-- Your assignment --
The required output is the lines below from the line containing "A bedroom with a bed, nightstands, a" to the line containing "Sims in The", inclusive, retyped exactly. No other lines belong in it.

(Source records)
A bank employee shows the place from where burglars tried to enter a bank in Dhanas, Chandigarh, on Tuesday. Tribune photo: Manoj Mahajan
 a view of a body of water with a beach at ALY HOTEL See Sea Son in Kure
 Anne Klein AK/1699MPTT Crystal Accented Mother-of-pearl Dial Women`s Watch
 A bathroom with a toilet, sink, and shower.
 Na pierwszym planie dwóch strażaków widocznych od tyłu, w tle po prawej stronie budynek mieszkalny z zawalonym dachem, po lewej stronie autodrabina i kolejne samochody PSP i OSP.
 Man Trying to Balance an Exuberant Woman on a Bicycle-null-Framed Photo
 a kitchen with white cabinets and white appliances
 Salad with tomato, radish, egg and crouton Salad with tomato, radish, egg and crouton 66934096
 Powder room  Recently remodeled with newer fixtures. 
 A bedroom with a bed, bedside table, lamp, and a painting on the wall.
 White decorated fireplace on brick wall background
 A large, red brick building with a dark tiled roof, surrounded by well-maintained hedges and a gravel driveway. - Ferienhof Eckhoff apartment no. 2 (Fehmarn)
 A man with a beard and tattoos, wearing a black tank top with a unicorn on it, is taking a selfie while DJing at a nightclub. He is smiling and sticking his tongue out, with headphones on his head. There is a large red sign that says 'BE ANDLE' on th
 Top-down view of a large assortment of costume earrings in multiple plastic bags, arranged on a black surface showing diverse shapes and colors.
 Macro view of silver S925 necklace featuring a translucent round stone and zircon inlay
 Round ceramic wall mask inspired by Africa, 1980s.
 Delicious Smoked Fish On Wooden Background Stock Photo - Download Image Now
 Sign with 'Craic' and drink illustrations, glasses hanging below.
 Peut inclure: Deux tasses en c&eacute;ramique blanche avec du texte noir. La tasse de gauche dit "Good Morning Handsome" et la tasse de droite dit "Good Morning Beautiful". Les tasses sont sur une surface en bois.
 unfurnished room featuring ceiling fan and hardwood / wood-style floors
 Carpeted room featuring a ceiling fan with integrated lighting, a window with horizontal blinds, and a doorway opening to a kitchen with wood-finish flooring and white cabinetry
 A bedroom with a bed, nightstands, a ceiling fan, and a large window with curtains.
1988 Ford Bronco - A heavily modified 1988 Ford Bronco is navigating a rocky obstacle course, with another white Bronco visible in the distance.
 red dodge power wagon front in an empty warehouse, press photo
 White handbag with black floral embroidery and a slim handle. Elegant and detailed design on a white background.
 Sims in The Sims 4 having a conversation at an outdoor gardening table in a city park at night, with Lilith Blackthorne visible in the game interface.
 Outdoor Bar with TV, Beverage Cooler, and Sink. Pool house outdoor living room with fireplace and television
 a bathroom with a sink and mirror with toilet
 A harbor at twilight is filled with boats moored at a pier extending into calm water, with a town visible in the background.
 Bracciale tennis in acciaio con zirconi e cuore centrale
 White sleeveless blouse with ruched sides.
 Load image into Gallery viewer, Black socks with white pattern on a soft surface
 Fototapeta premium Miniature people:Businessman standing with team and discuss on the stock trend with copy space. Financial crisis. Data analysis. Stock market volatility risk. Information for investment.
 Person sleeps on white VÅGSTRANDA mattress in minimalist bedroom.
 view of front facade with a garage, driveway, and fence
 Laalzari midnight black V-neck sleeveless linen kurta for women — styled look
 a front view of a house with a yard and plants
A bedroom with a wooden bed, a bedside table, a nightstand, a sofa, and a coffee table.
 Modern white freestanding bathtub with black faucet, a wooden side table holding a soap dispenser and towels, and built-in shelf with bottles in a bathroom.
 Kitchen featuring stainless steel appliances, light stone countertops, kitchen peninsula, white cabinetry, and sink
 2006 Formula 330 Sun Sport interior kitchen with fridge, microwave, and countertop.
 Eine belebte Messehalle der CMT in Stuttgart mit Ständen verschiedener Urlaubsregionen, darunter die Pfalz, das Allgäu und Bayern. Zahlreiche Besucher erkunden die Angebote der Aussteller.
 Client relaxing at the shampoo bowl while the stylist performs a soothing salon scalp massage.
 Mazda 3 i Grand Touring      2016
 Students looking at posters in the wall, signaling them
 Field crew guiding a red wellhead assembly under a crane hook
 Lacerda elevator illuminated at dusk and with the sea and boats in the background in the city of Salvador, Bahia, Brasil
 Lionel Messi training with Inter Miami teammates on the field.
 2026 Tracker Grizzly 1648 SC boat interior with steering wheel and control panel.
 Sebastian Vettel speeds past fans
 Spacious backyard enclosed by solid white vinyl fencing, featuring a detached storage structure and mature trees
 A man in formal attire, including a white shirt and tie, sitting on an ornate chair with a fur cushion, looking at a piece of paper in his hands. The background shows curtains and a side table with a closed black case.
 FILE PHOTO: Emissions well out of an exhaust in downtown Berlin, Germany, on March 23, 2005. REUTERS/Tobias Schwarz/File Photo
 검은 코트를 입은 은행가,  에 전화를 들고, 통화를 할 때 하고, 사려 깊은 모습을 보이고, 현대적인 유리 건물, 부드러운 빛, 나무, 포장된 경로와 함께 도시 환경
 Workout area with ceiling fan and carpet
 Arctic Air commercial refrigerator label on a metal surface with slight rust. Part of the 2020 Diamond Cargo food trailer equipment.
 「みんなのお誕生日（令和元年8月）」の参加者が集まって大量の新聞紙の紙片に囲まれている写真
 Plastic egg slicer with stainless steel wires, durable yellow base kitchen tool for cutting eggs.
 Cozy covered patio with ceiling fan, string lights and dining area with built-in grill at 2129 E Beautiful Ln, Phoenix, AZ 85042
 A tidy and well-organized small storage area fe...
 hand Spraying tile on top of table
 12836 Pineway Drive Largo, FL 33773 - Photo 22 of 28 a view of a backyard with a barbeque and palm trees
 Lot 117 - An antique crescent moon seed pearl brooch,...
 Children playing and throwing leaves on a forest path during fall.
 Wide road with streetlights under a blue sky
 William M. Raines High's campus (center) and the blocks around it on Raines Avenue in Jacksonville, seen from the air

-- Result of the task --
 A bedroom with a bed, nightstands, a ceiling fan, and a large window with curtains.
1988 Ford Bronco - A heavily modified 1988 Ford Bronco is navigating a rocky obstacle course, with another white Bronco visible in the distance.
 red dodge power wagon front in an empty warehouse, press photo
 White handbag with black floral embroidery and a slim handle. Elegant and detailed design on a white background.
 Sims in The Sims 4 having a conversation at an outdoor gardening table in a city park at night, with Lilith Blackthorne visible in the game interface.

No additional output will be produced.